DATA FOR THIS TASK:
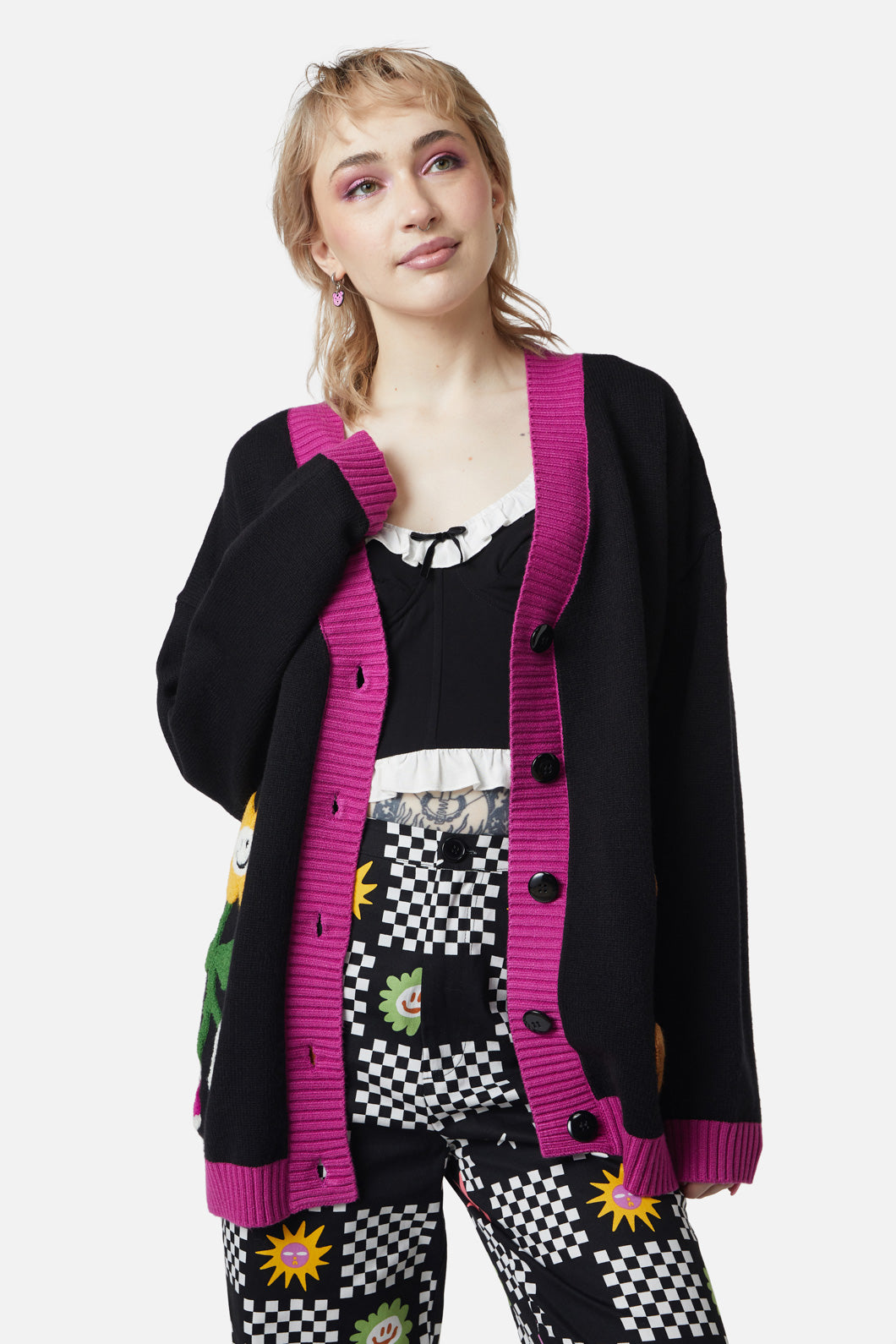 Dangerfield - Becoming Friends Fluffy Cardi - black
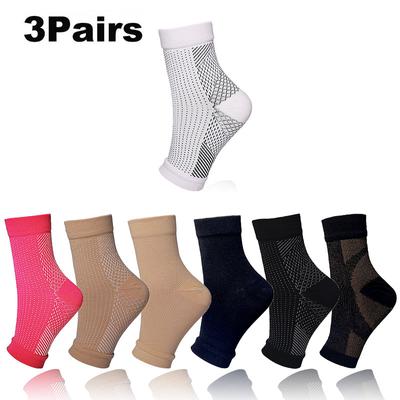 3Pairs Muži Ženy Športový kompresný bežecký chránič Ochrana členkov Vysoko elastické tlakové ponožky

---

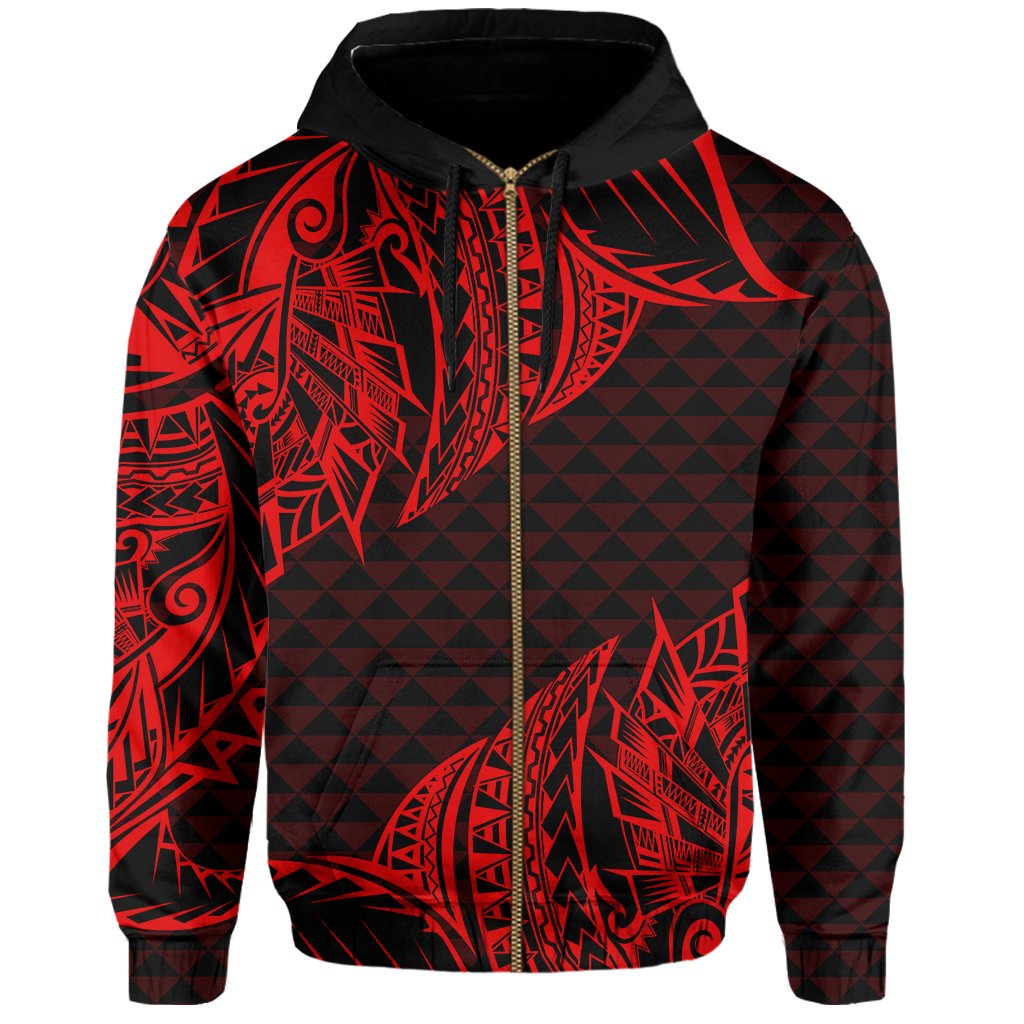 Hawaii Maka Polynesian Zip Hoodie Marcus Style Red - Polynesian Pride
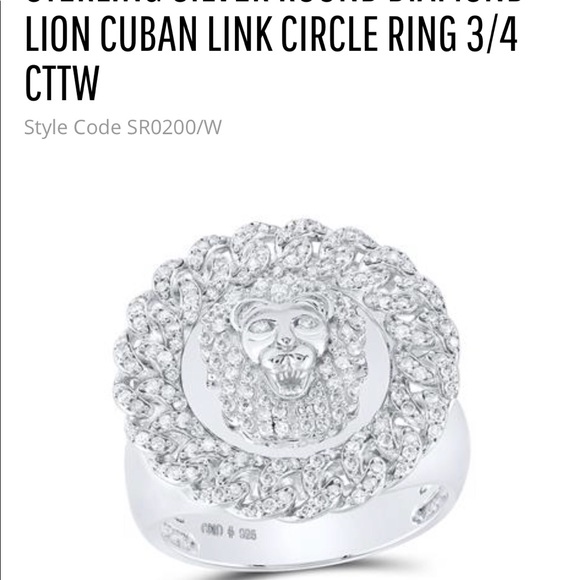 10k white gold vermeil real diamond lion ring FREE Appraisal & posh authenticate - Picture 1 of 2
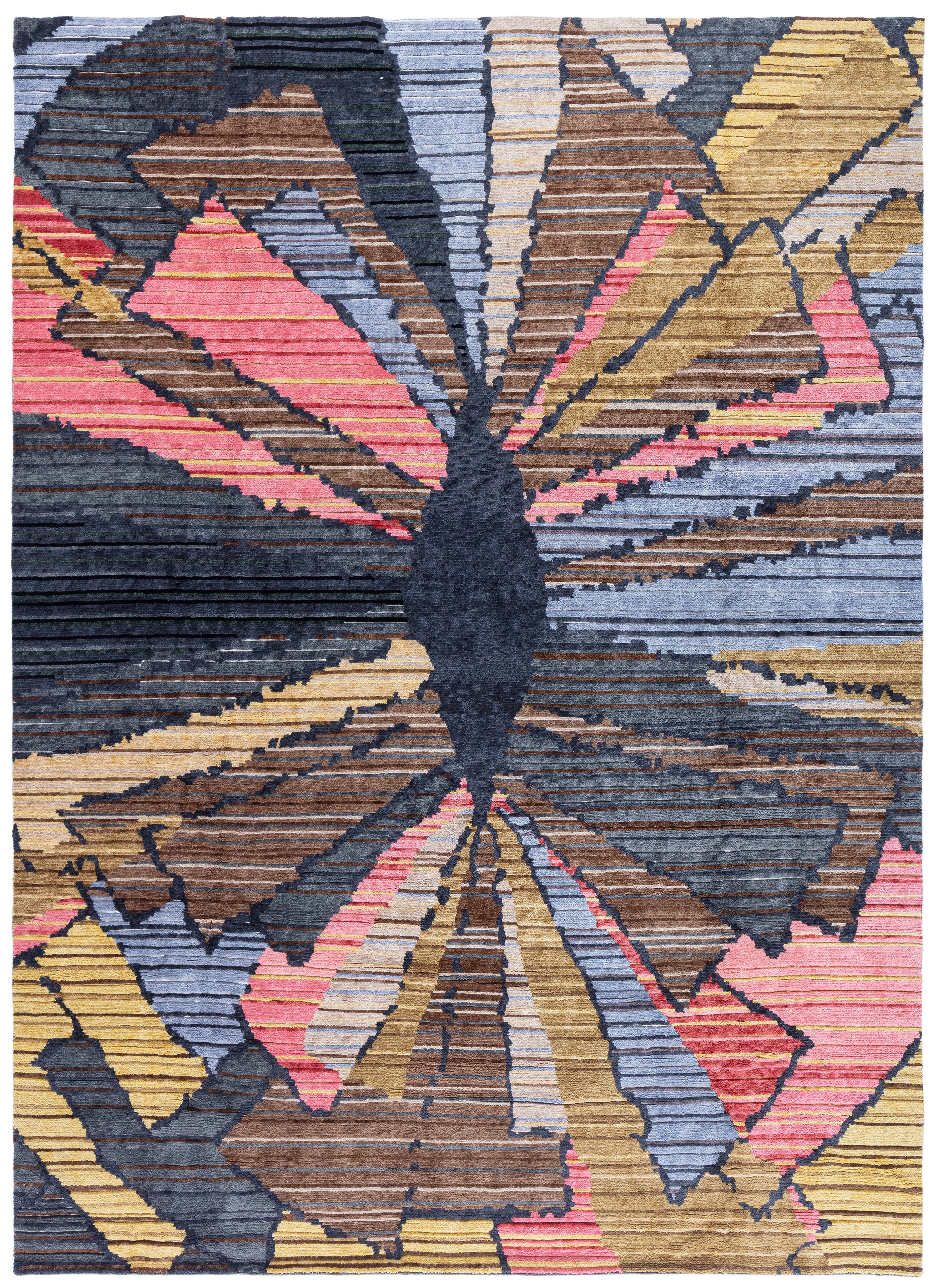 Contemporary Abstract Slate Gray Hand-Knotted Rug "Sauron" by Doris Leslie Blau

WORK TO COMPLETE: Output exactly the lines above, from the line with "Dangerfield - Becoming" to the line with "3Pairs Muži Ženy", both included; skip the pictures.

EXERCISE RESULT:
 Dangerfield - Becoming Friends Fluffy Cardi - black
 3Pairs Muži Ženy Športový kompresný bežecký chránič Ochrana členkov Vysoko elastické tlakové ponožky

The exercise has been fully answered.